§ **Task details**: With the pictures omitted, write out all of the listing exactly.

§ **Supplied material**:

——————————

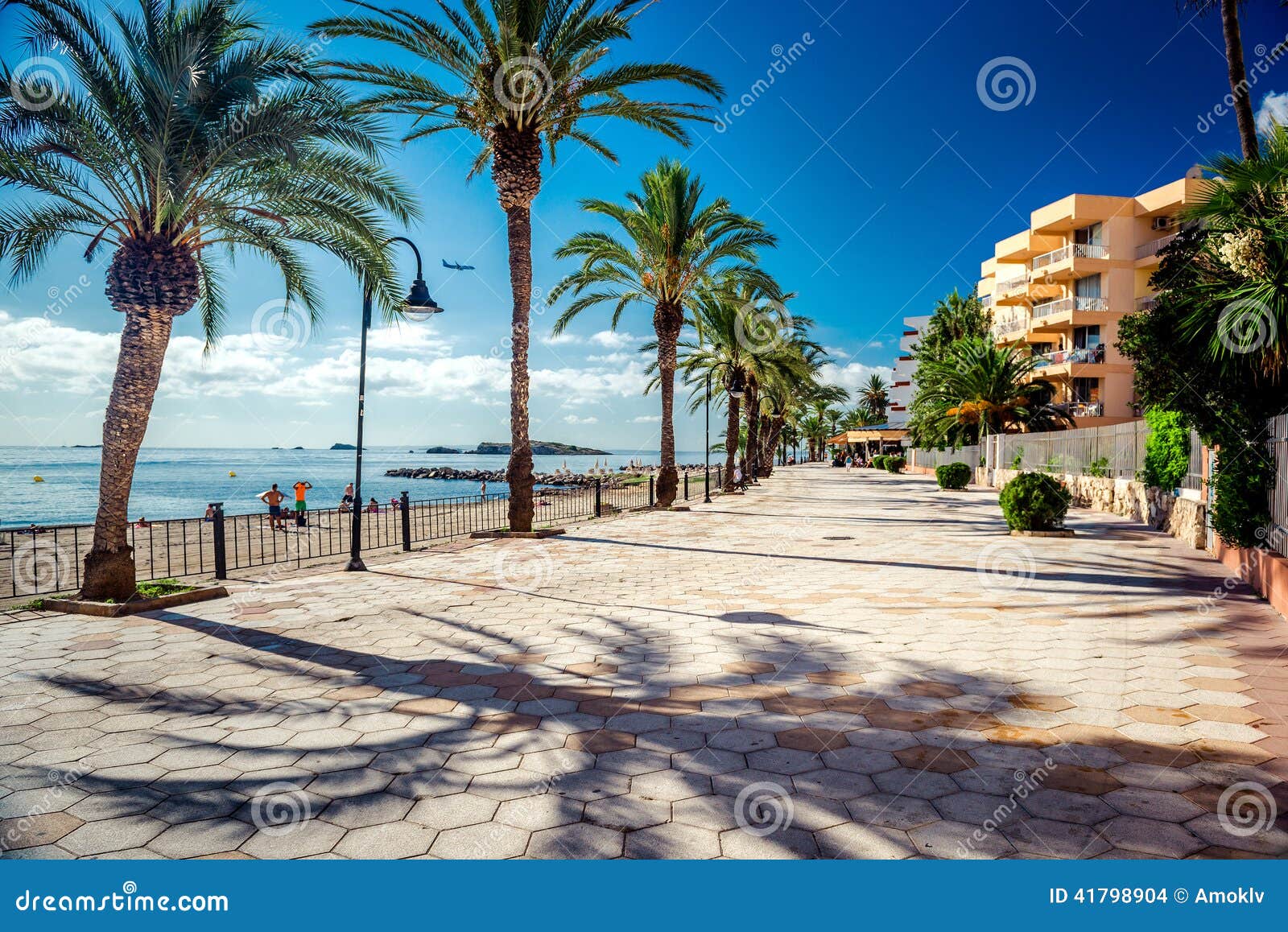 Mening Van Ibiza-strandboulevard Stock Foto - Image of overzees, toneel ...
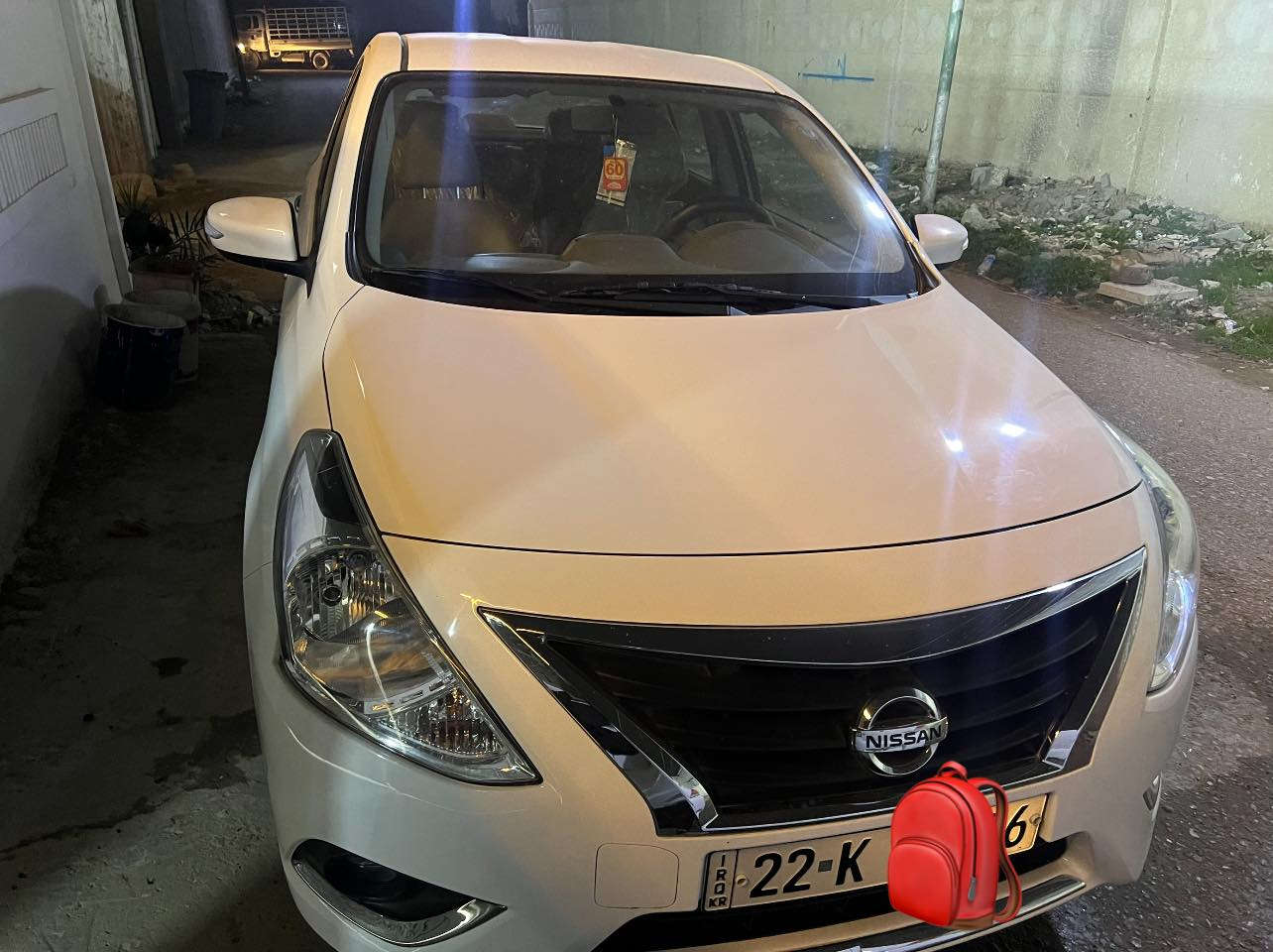 نيسان سني 2025.   ماشيه 36 مكفوله السيارة من ضربة صبغ بارد. عنوان بغداد.   السعر 125.   رقم هاتم ***********
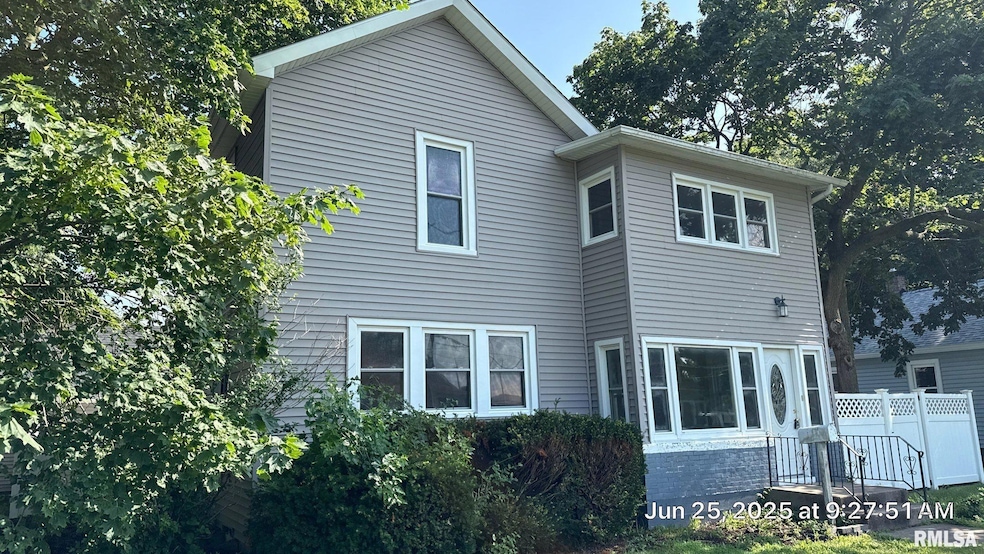 507 E Main St, Aledo, IL 61231 - photo 1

——————————

§ **Result of the exercise**:
 Mening Van Ibiza-strandboulevard Stock Foto - Image of overzees, toneel ...
 نيسان سني 2025.   ماشيه 36 مكفوله السيارة من ضربة صبغ بارد. عنوان بغداد.   السعر 125.   رقم هاتم ***********
 507 E Main St, Aledo, IL 61231 - photo 1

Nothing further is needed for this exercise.